Task: A word-for-word copy of the listing, free of images, is the expected answer.

Data for the task:
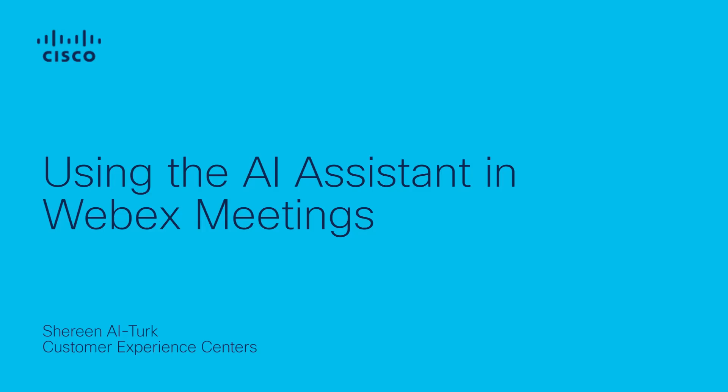Hi there. My name is Shireen, and I'm part of the Cisco WebEx technical support team. Today, I'm excited to talk to you about a feature within WebEx meetings, the AI Assistant.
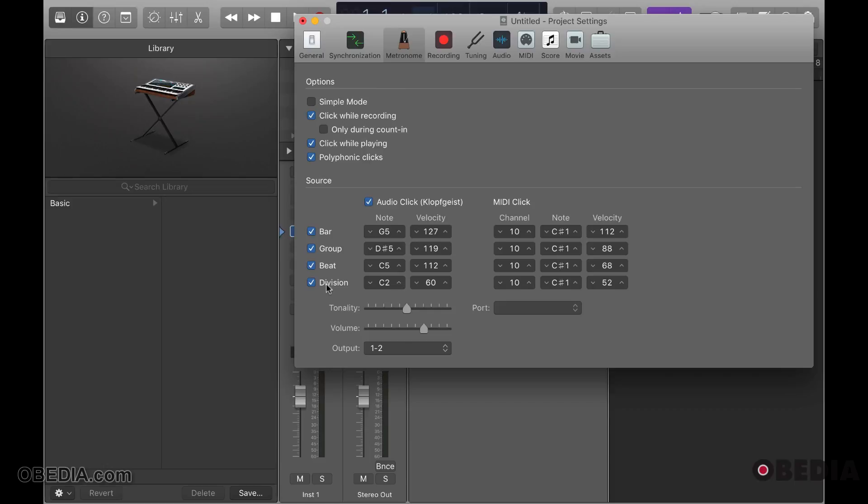You can further create clicks for subdivisions of the beats itself. And as you see, default is given a note and a lower velocity than the beat itself.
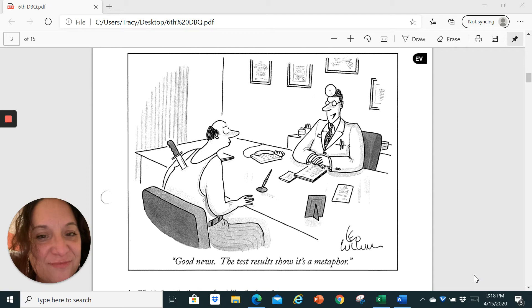Okay guys, this is for assignment 6-1, which is the first part of sixth grade DBQ focusing on Robert Frost.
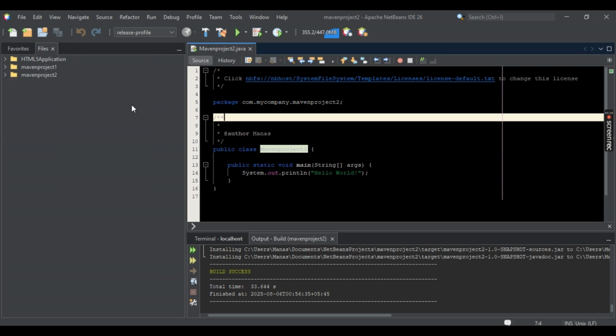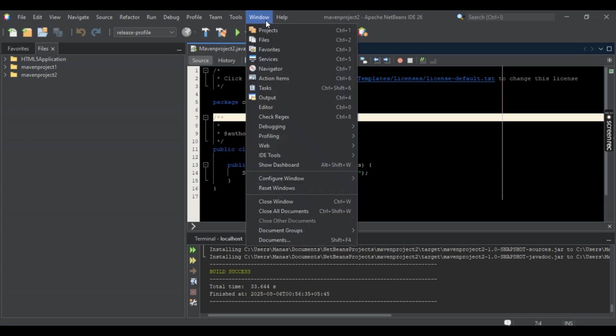Now on the left side you should be seeing Projects. So if there is no project showing, just simply go towards Window on the top right here and on the first option you should be seeing Projects. Just simply select it or just simply select Ctrl+1 as well. The choice is yours.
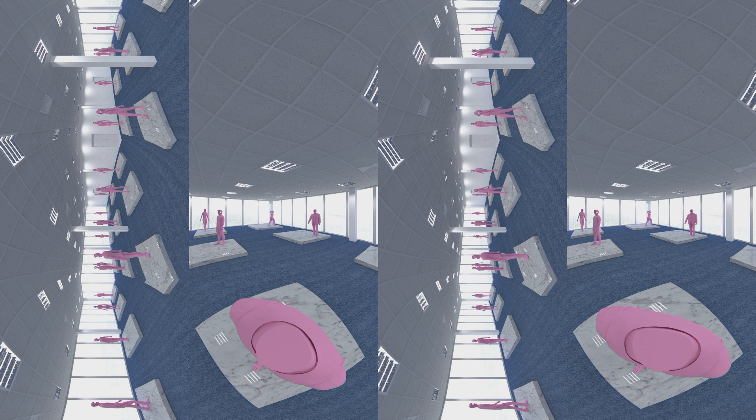Once virtuality is more embodied in our lives, interventions in space can be stronger.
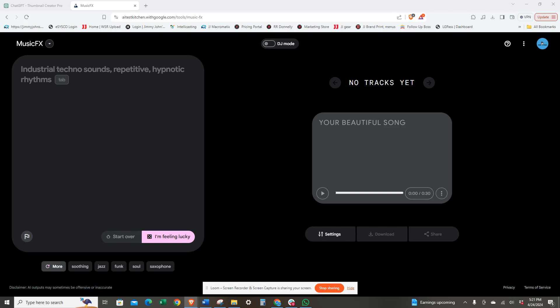Hey, how's it going? In this video we're going to create a jazz song using MusicFX. You need to be signed into the AI Test Kitchen with Google and then just go to MusicFX.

Response area:
Hi there. My name is Shireen, and I'm part of the Cisco WebEx technical support team. Today, I'm excited to talk to you about a feature within WebEx meetings, the AI Assistant.
You can further create clicks for subdivisions of the beats itself. And as you see, default is given a note and a lower velocity than the beat itself.
Okay guys, this is for assignment 6-1, which is the first part of sixth grade DBQ focusing on Robert Frost.
Now on the left side you should be seeing Projects. So if there is no project showing, just simply go towards Window on the top right here and on the first option you should be seeing Projects. Just simply select it or just simply select Ctrl+1 as well. The choice is yours.
Once virtuality is more embodied in our lives, interventions in space can be stronger.
Hey, how's it going? In this video we're going to create a jazz song using MusicFX. You need to be signed into the AI Test Kitchen with Google and then just go to MusicFX.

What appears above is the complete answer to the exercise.